Adding to that the author wrote, “The quotations from Keynes and Geithner at the start of this post capture the importance of constantly striving to ensure that policy is robust to unexpected events. As explained in much of the recent work of the 2011 Nobel Prize–winning economist Tom Sargent, the unexpected events for which policymakers need to make provision have the characteristic of being the most likely unlikely bad event. The collapse in housing prices and its propagation to the economy certainly fit this description.”

This is what I would call the “Nobody could have foreseen” fallacy, a tool often used by the professional economist and economic pundit class. I guess that I and the countless thousands of others who frequented this and other bearish websites at the time of the top of the housing bubble, who did foresee what was coming, must be the “nobody” that the pros refer to.

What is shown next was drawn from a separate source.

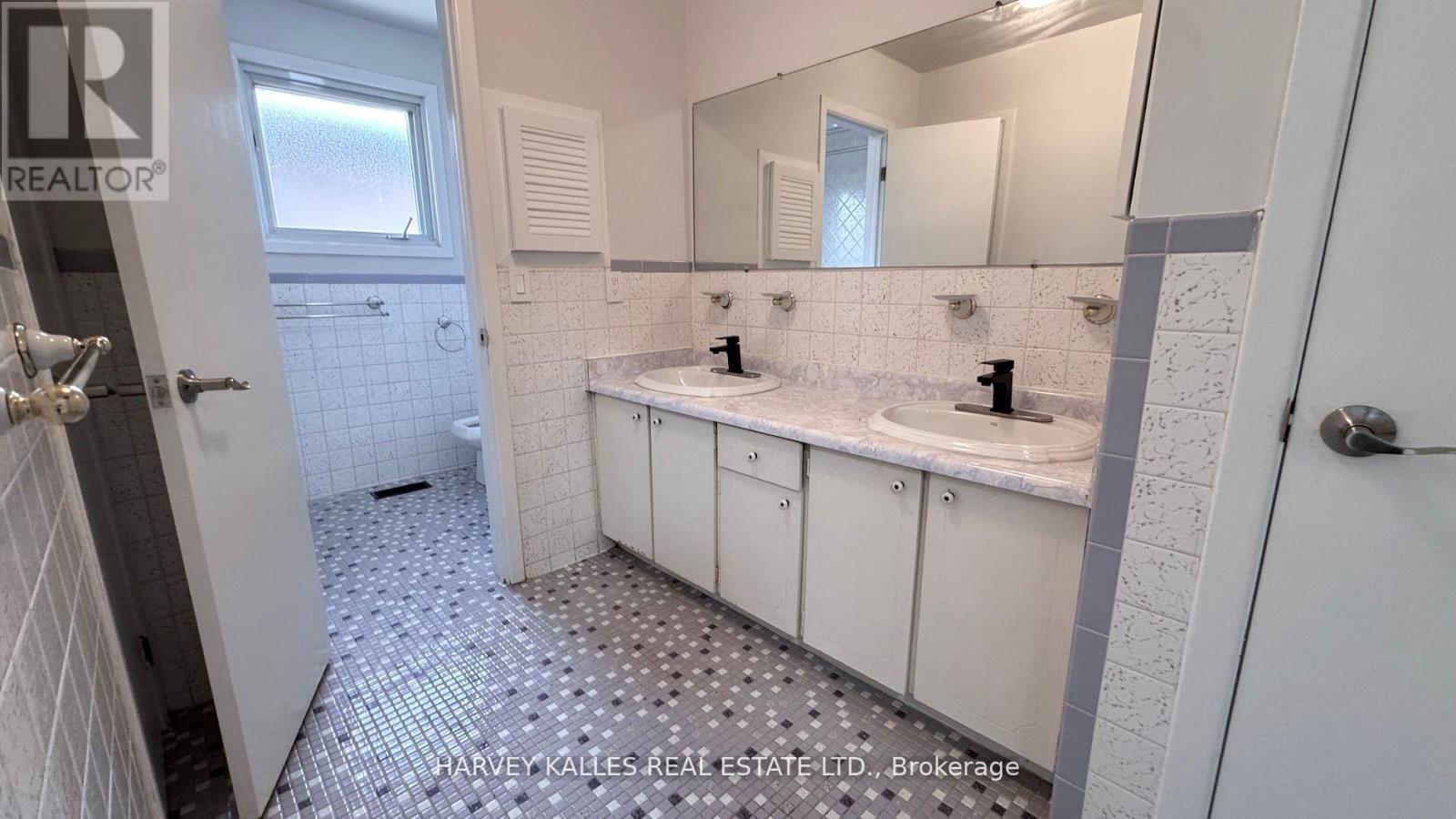 Main Floor - 6 Raven Road, Toronto, Ontario  M6L 2A6 - Photo 12 - W12444022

It’s good to be nobody or not so good, because even though nobody took precautions, nobody ultimately took the hit. Because in this case, nobody was prepared for what happened, and nobody took steps to both protect and profit from it, while the rest of the Wall Street seers and the Fedheads, who are all somebody, didn’t foresee it. As a result somebody got their asses kicked. But that hasn’t stopped them, because Uncle Sam bailed them out, spending nobody’s money, and nobody’s children’s and grandchildren’s futures to do it. So in that sense, it’s better to be somebody, even though somebody initially took the loss that nobody saw coming, until the US government bailed them out on behalf of nobody.

I wrote the following comment on the NY Fed Liberty Street blog. I don’t know if it will still be there in the morning, so here it is.

“The excuse that most other professional forecasters didn’t foresee it is just that, an excuse. Some professional forecasters did see it. They were derided as Cassandras and dismissed by Wall Street and Fed insiders, who are only beholden to each other, and to their own delusions.
“Millions of amateur economic forecasters who frequented the financial message boards and blogs saw what was happening and what was coming. They had one important advantage. They live in the real world, not inside the Beltway, not within the marble halls and equally hardened thought processes of the Fed, and not in the ivory towers of academia, a word which sounds like a disease, because it is a disease. Not only do these environments cause delusional thinking, they attract delusional people. The same is true of policy makers.
“I call it elitist personality disorder. It leads to delusions of grandeur, delusions of omniscience and omnipotence, and the unwillingness to take responsibility for failure and incompetence, instead engaging in blame shifting”.

Postscript. Yep, less than a half hour later, they pulled my comment. I left a subsequent comment which isn’t fit for a family oriented website like this one.